*** Opening of The data ***

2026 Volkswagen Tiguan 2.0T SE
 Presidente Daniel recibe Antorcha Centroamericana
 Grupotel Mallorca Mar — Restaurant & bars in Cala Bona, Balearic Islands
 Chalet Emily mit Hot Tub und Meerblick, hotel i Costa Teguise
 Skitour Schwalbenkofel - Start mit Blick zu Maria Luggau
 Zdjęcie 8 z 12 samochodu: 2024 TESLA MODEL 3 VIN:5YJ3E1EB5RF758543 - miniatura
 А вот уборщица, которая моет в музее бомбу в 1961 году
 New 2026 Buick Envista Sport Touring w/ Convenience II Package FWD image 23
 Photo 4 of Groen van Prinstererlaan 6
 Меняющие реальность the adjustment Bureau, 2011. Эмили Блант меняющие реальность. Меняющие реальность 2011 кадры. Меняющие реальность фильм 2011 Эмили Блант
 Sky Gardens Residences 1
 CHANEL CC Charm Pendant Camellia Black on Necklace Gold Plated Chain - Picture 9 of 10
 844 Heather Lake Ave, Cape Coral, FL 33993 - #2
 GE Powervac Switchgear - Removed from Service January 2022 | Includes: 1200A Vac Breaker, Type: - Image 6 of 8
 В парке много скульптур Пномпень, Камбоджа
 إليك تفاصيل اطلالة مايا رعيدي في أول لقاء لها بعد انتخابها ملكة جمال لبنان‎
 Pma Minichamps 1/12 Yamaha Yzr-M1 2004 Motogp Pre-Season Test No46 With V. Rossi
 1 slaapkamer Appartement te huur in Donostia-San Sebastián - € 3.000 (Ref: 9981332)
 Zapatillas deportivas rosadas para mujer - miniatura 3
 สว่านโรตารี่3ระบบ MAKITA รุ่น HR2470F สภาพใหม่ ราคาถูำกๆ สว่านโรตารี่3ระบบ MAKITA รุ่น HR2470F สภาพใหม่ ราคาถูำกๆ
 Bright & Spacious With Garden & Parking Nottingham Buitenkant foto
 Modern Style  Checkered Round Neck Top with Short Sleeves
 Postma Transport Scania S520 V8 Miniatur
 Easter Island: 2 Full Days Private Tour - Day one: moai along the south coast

*** Close of The data ***

* Problem to work on
Your answer must be the lines from the one that contains "CHANEL CC Charm" through the last line of the entries above, copied exactly, with no other lines.

* Output
 CHANEL CC Charm Pendant Camellia Black on Necklace Gold Plated Chain - Picture 9 of 10
 844 Heather Lake Ave, Cape Coral, FL 33993 - #2
 GE Powervac Switchgear - Removed from Service January 2022 | Includes: 1200A Vac Breaker, Type: - Image 6 of 8
 В парке много скульптур Пномпень, Камбоджа
 إليك تفاصيل اطلالة مايا رعيدي في أول لقاء لها بعد انتخابها ملكة جمال لبنان‎
 Pma Minichamps 1/12 Yamaha Yzr-M1 2004 Motogp Pre-Season Test No46 With V. Rossi
 1 slaapkamer Appartement te huur in Donostia-San Sebastián - € 3.000 (Ref: 9981332)
 Zapatillas deportivas rosadas para mujer - miniatura 3
 สว่านโรตารี่3ระบบ MAKITA รุ่น HR2470F สภาพใหม่ ราคาถูำกๆ สว่านโรตารี่3ระบบ MAKITA รุ่น HR2470F สภาพใหม่ ราคาถูำกๆ
 Bright & Spacious With Garden & Parking Nottingham Buitenkant foto
 Modern Style  Checkered Round Neck Top with Short Sleeves
 Postma Transport Scania S520 V8 Miniatur
 Easter Island: 2 Full Days Private Tour - Day one: moai along the south coast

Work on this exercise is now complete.